Of course not all the match-ups this weekend are so fraught with historical undertones, but everyone still has parts to play. The traditionally neutral Swiss are likely to remain typically unbiased this weekend, event as they should be mounting a defense of their first ever Davis Cup title. Roger Federer decided to sit out the 2015 season, while fellow top-tenner Stan Wawrinka, who's also skipping this weekend's action, has yet to decide whether he'll play later in the year. That leaves a host of relative unknowns to make any kind of stand for Switzerland -- the highest ranked player is #292 Yann Marti. That could give Belgian's comeback kid David Goffin an opportunity to make up for some recently lackluster results -- he's lost twice in a row to veteran Marcos Baghdatis and has only gotten past the second round of one event this year. Even Steve Darcis, who notched his biggest career win over Rafael Nadal at Wimbledon two years ago, could step up to the plate and notch a couple wins off the Challengers' circuit this year.

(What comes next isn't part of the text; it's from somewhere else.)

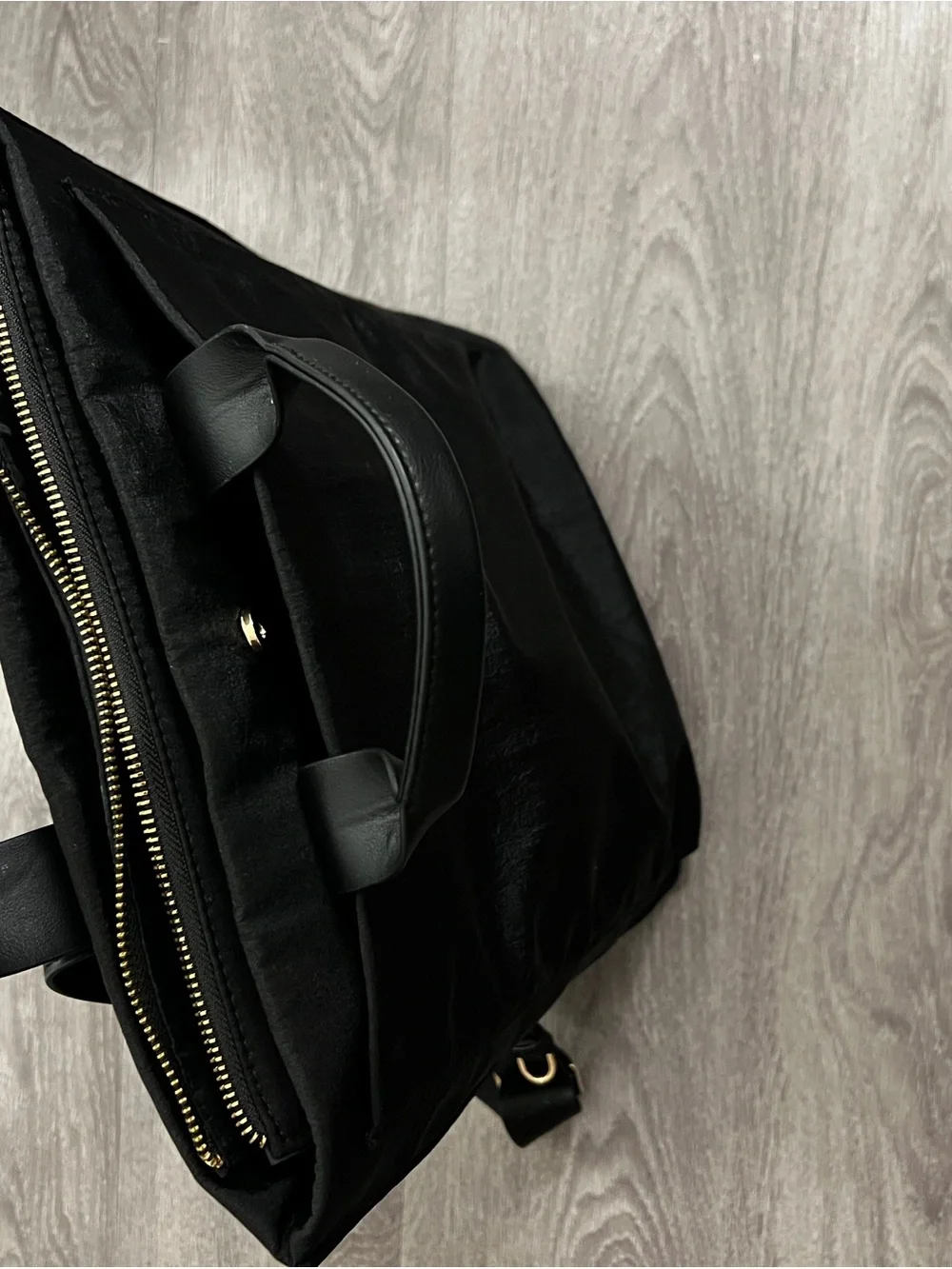 Black Men's Convertible Backpack Tote - Minimal Everyday Bag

Czech Republic vs. Australia

Meanwhile the Czechs will try to reclaim the crown they ceded to the Swiss last year, but they too might have a bit of trouble. While rising star Jiri Vesely and one-time giant killer Lukas Rosol could certainly deliver, they are without their biggest stars, Melbourne semifinalist Tomas Berdych and doubles specialist Radek Stepanek. And the men from Down Under could take advantage of those holes -- players like Sam Groth and a resurgent Bernard Tomic have been rallying of late. And while veteran Lleyton Hewitt is far from his career highs, he's more than proven he can never be counted out. With a little more star power on the Aussies' side, they could stop the Czech's comeback cold.

Canada vs. Japan

We could see some fireworks in the match-up between a couple countries that haven't had a lot of experience in Davis Cup. Canada and Japan have combined for just a dozen years in the World Group -- but in this rematch of last year's first round they're both out to prove they belong. Kei Nishikori climbed to a career high #4 in the world after reaching the final in Acapulco and is coming off what's easily been the most prolific twelve months of his career. He'll be joined by Tatsumo Ito, who beat Stan Wawrinka last year in Tokyo and might be primed for another upset. The Canadians are slightly more armed, though -- Milos Raonic has always had tough matches against Nishikori, but he won their last meeting in Brisbane in three tight tiebreaks. And he'll have back-up from Vasek Pospisil, a man who's beaten John Isner already this season and made a nice run to the Washington semis last year. He's also an accomplished doubles player and might just be called on, with veteran star Daniel Nestor, to serve as a ringer.

Kazakhstan vs. Italy

And in the final tie being contested this weekend, a relatively inexperienced Kazakh team goes up against the long-time also-rans. The Italians have a lot to be proud of -- Andreas Seppi scored an enormous win over Roger Federer at the Australian Open, Simone Bolelli stunned Milos Raonic in Marseill and recently struggling Fabio Fognini pulled off a huge upset of defending champion Rafael Nadal in Rio. While none of these players is quite at their best, they certainly seem to have a little momentum on their side. There could be some surprises this weekend -- Andrey Golubev did take out Stan Wawrinka last year in Davis Cup and veteran Mikhail Kukushkin has had his moments in the past -- but this is really Italy's battle to lose. And there's no reason they shouldn't live up to expectations.

Whether this weekend's Davis Cup ties rekindle old rivalries or start to flame new ones, there's more than enough potential for some combative contests. And whoever emerges as the victors will have to recover quick -- this is just the beginning of what could be a long, drawn-out war.